(Task input Opens)

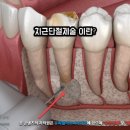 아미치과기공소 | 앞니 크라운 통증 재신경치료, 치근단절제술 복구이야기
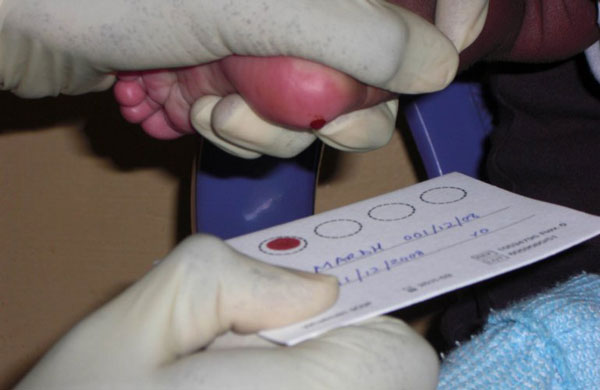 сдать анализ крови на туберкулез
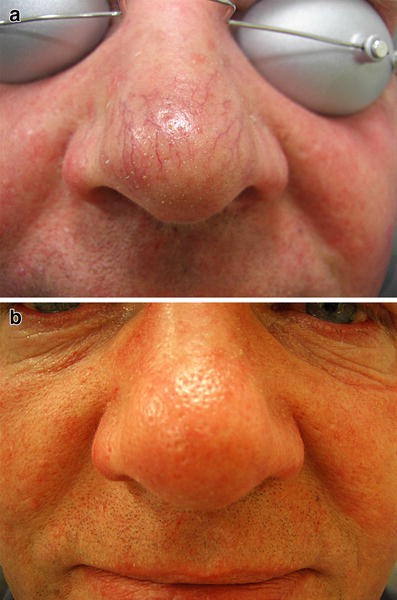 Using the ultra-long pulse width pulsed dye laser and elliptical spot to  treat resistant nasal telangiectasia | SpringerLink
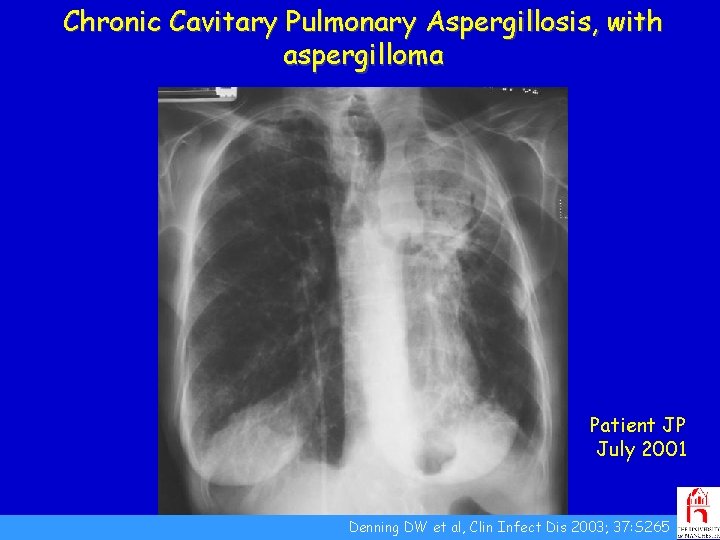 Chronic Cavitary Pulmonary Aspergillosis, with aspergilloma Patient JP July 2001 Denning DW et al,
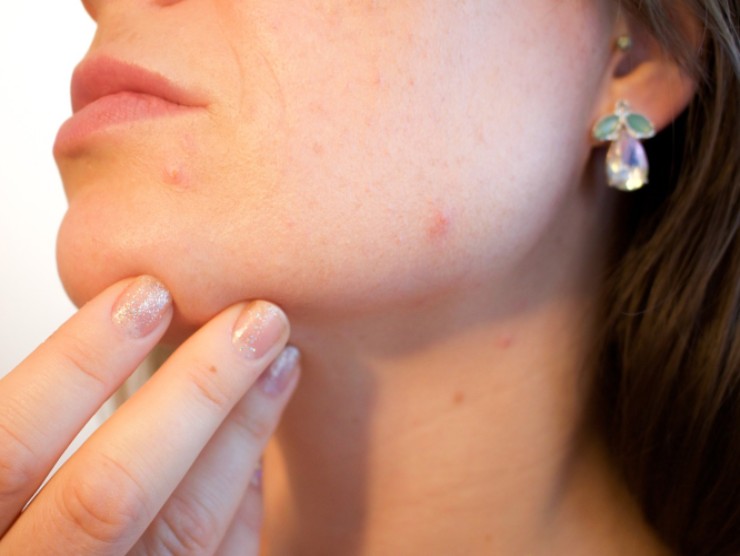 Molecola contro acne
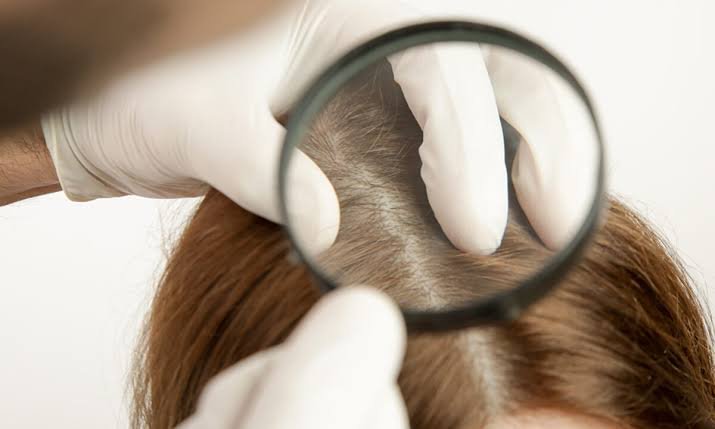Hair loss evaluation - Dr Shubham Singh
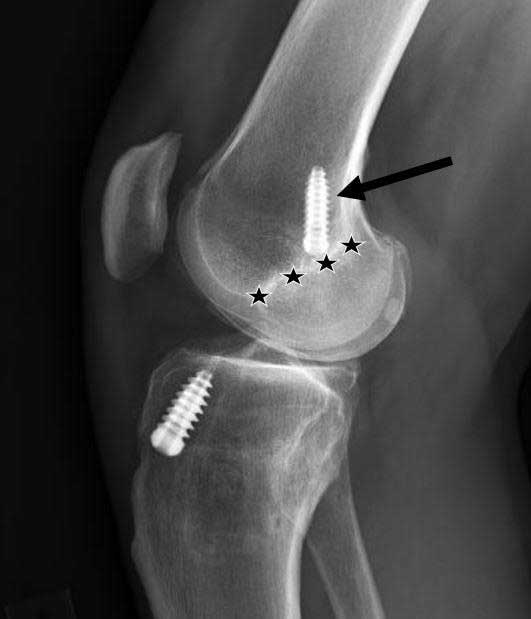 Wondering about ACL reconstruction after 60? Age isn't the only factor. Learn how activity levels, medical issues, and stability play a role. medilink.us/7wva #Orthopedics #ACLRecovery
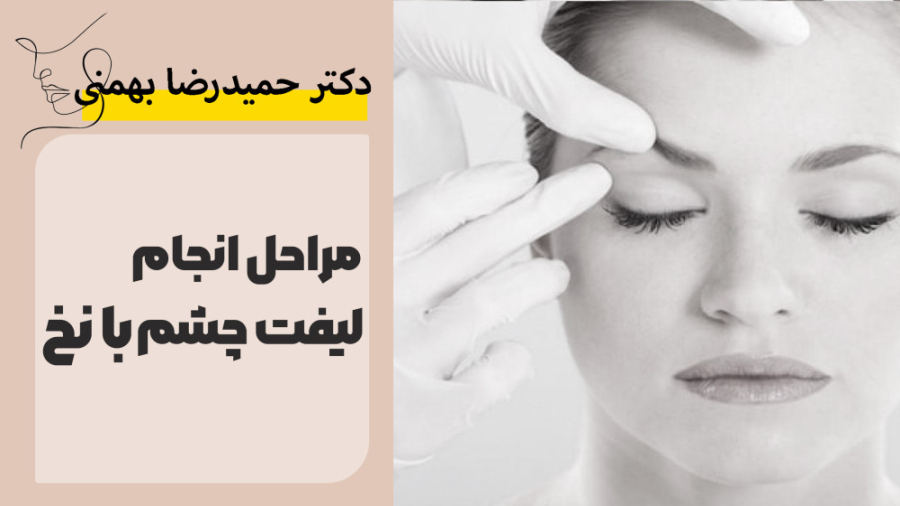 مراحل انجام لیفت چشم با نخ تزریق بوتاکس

(Task input Closes)
(Task input Opens)

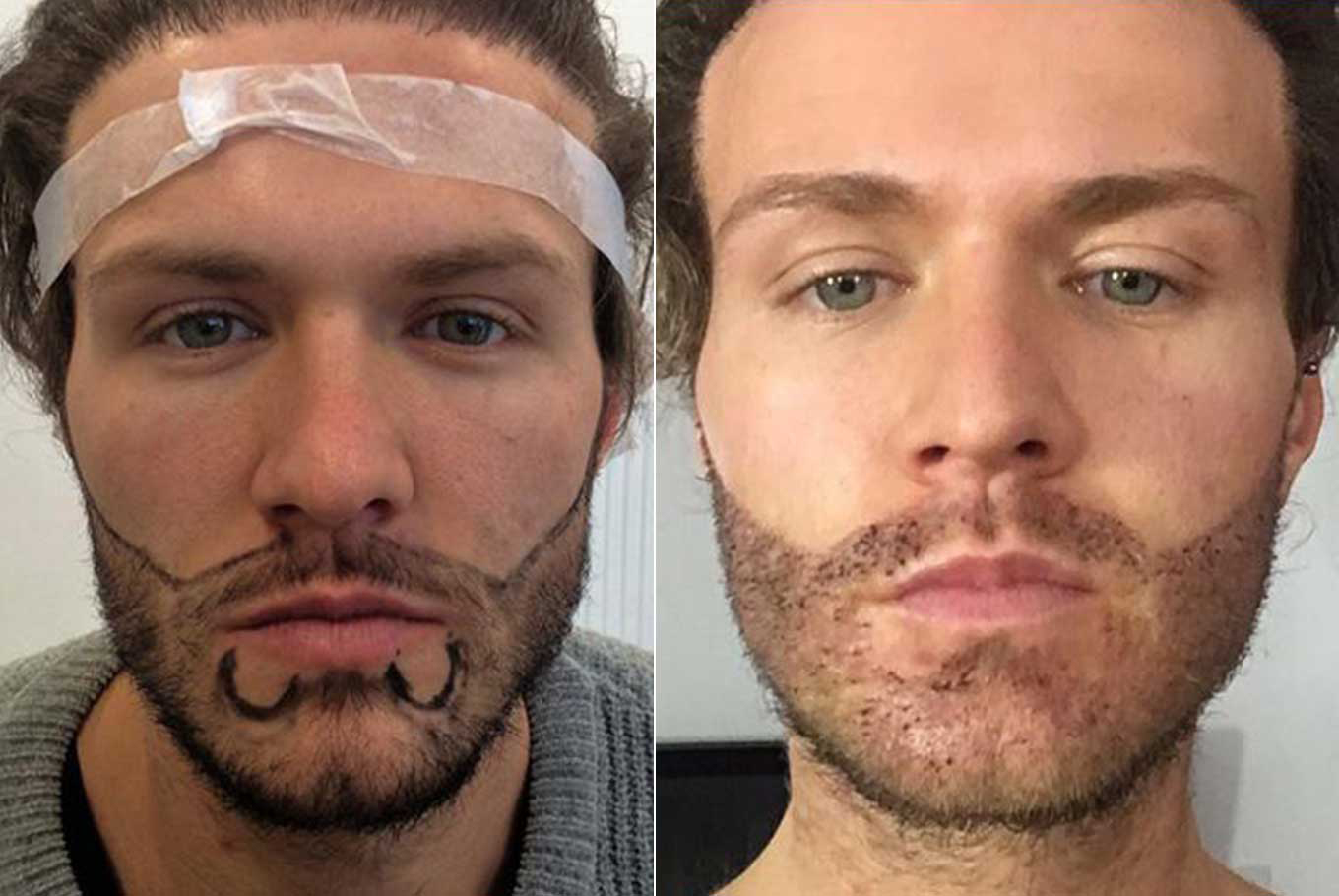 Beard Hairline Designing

(Task input Closes)
(Task input Opens)

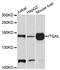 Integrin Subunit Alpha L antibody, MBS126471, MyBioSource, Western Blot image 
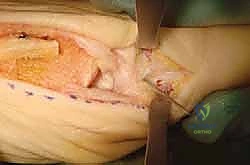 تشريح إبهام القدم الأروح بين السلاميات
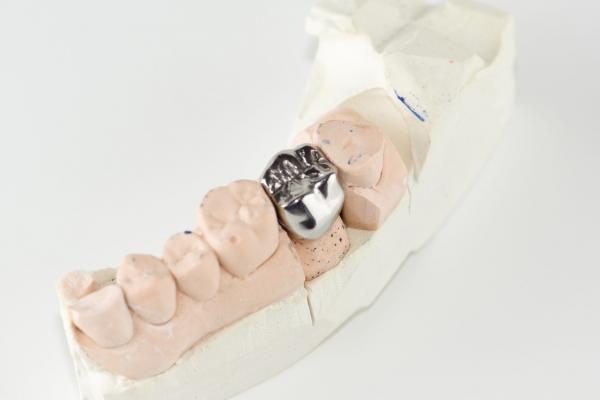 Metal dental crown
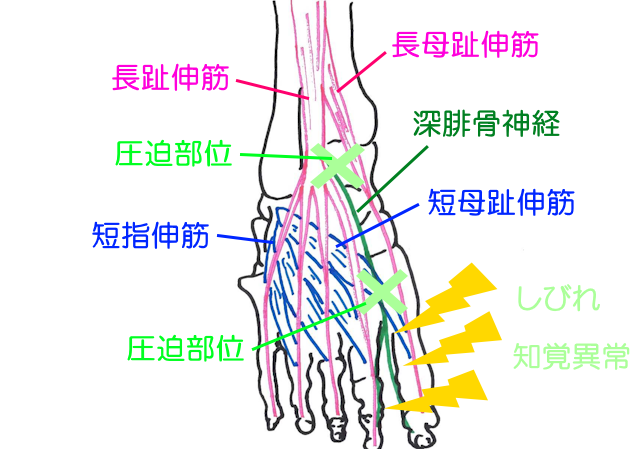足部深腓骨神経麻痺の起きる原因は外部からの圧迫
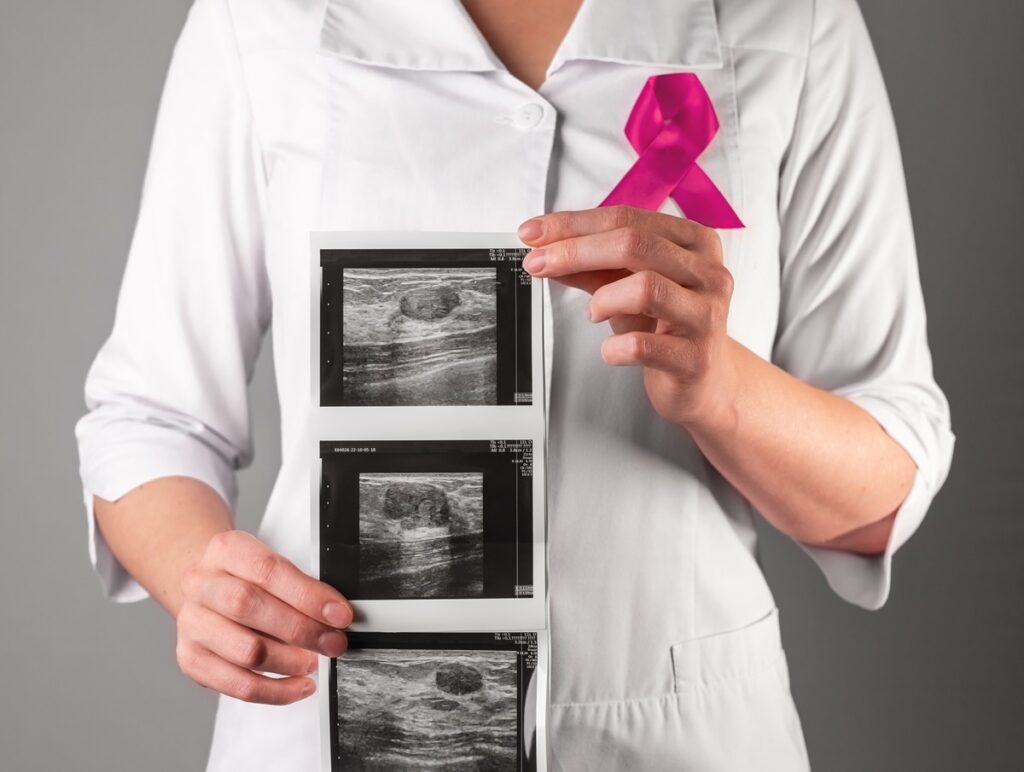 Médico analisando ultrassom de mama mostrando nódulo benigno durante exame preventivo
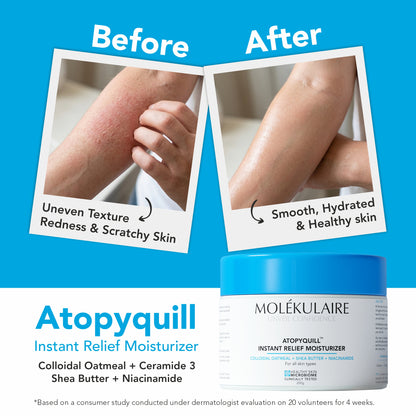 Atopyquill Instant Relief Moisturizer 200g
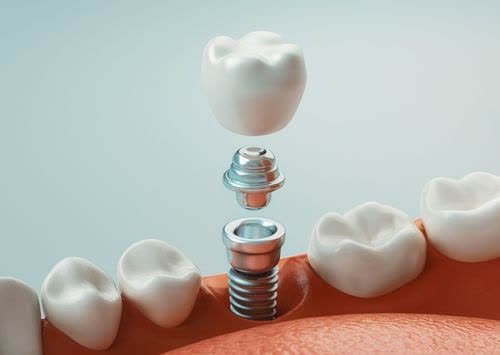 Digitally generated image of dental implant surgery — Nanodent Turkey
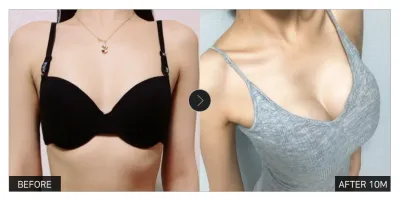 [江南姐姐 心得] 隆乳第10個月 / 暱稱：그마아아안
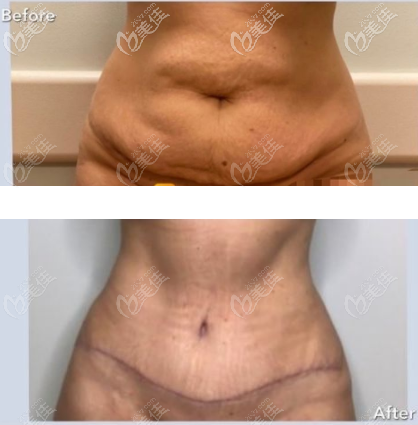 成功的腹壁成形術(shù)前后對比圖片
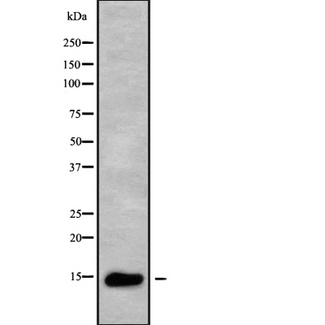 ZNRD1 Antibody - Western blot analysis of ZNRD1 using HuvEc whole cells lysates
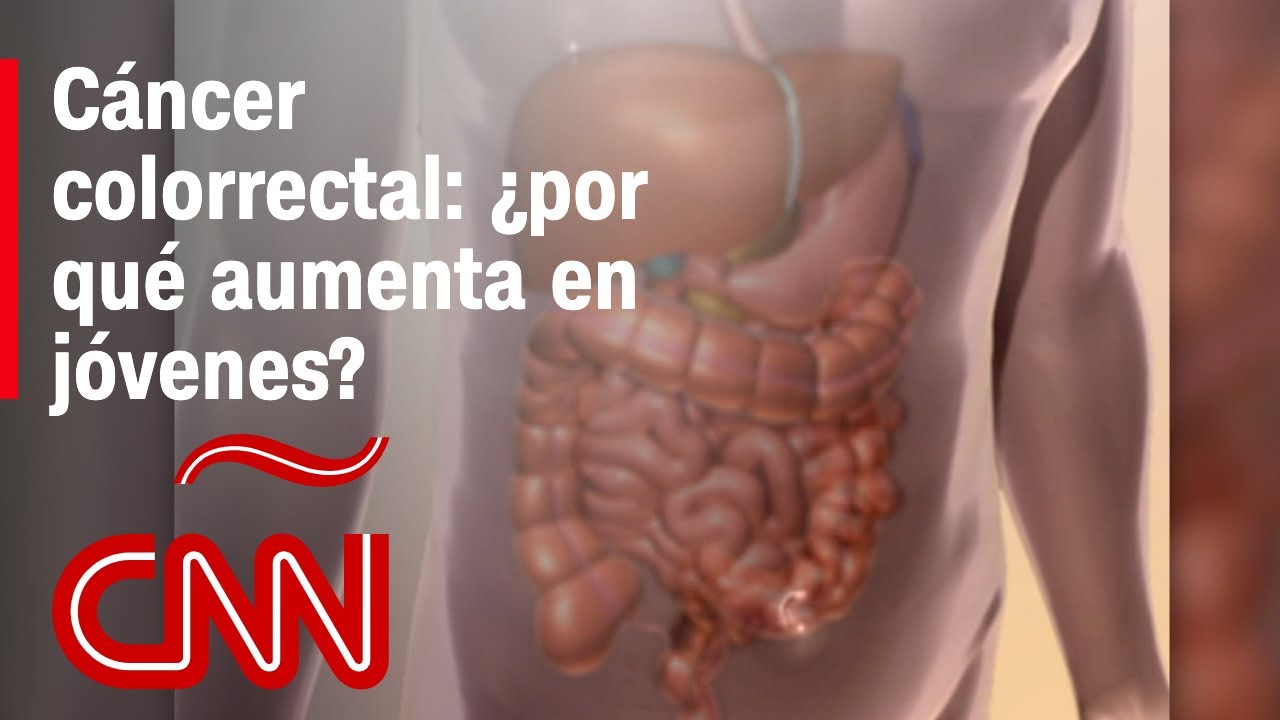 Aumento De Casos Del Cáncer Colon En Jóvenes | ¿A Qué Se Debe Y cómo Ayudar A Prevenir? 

(Task input Closes)

» **Problem requirements**: Up in the listing, locate the line with "아미치과기공소 | 앞니 크라운 통증 재신경치료, 치근단절제술 복구이야기"; print it and every line after it down to the line with "Hair loss evaluation - Dr Shubham Singh", which is included too. Skip the pictures.

» **Result of this exercise**:
 아미치과기공소 | 앞니 크라운 통증 재신경치료, 치근단절제술 복구이야기
 сдать анализ крови на туберкулез
 Using the ultra-long pulse width pulsed dye laser and elliptical spot to  treat resistant nasal telangiectasia | SpringerLink
 Chronic Cavitary Pulmonary Aspergillosis, with aspergilloma Patient JP July 2001 Denning DW et al,
 Molecola contro acne
Hair loss evaluation - Dr Shubham Singh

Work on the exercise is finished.